Kita lihat Jokowi cenderung didukung oleh unsur pembela HAM dan kesetaraan gender. Ada tokoh tertentu yang jadi representasi jelasnya. Tapi dibalik itu ada nada-nada liberalisme di belakangnya. Pro lesbian, gay, biseksual, transgender (LGBT) akan merasa lebih nyaman di kubu Jokowi. Pendukung pasar bebas pun begitu. Isu yang lebih hangat adalah soal Komunisme. Isu ini sebenarnya tidak baru-baru amat mengingat anggota parlemen partai pendukung Jokowi memang ada yang masih keturunan PKI dan bahkan menulis buku yang terbuka sekali soal itu. Yang gerah dengan perilaku korupsi yang belum juga bisa dibasmi cenderung mengidentifikasikan diri dengan Jokowi, walaupun sebenarnya perilaku korup juga berjangkit parah di kalangan partai pendukungnya. Kubu ini bisa jadi adalah gabungan individu-individu progresif dan sedikit radikal kiri. Sikap mereka lebih reformis dalam baju liberalisme.

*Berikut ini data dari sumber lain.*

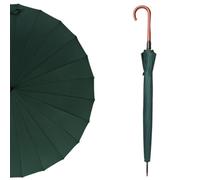 40 Inch Windproof Umbrella Auto Open Umbrella Classic Wooden J Stick Handle With Easy Grip,24 Ribs Classic Golf Rain Umbrellas Auto Open for Men and Women Travel green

Sementara itu, di sisi Prabowo berkumpul unsur-unsur yang diidentifikasi publik sebagai pewaris orde baru. Sebagai mantan menantu penguasa saat gelombang reformasi meninggi, Prabowo pun selalu dikejar-kejar tuduhan pelanggaran HAM saat masih aktif sebagai militer. Banyak partai berbasis massa Islam berada di kubu ini, walaupun partai berbasis massa kelompok Islam tradisional justru ada di pihak sebaliknya. Kutub yang satu ini, rentan dengan tuduhan sebagai sarang koruptor mengingat latar belakang pendukungnya. Pendukung nasionalisasi aset cenderung mengidentikkan diri di kubu ini. Begitu pula yang merasa nyaman dengan stabilitas selama masa SBY dan Soeharto. Kubu ini bisa jadi adalah gabungan individu-individu proteksionis dan reaksioner kanan. Sikap mereka lebih nasionalis dan industrialis dalam baju konservatisme.

Semakin jelas bahwa pilpres 2014 merupakan ujian awal bagi konsep bipartisan Indonesia di masa depan. Golongan Liberal Demokrat di satu sisi, dan Konservatif Republikan di sisi lainnya. Ini akan menyederhanakan pola kehidupan bernegara di masa depan jika benar-benar terwujud.

Lalu adakah kemungkinan alternatifnya? Saya merasa, harus ada Ummatan Wasathan yang posisinya sebagai penyeimbang. Harus ada kekuatan politik lain yang bisa jadi wasit, dan ini urgent. Kekuatan politik ketiga ini, tidak perlu jadi yang terbesar, tidak pula harus memihak. Namun mereka harus mampu mempengaruhi cara berpikir masyarakat dan arah gerak kebijakan publik.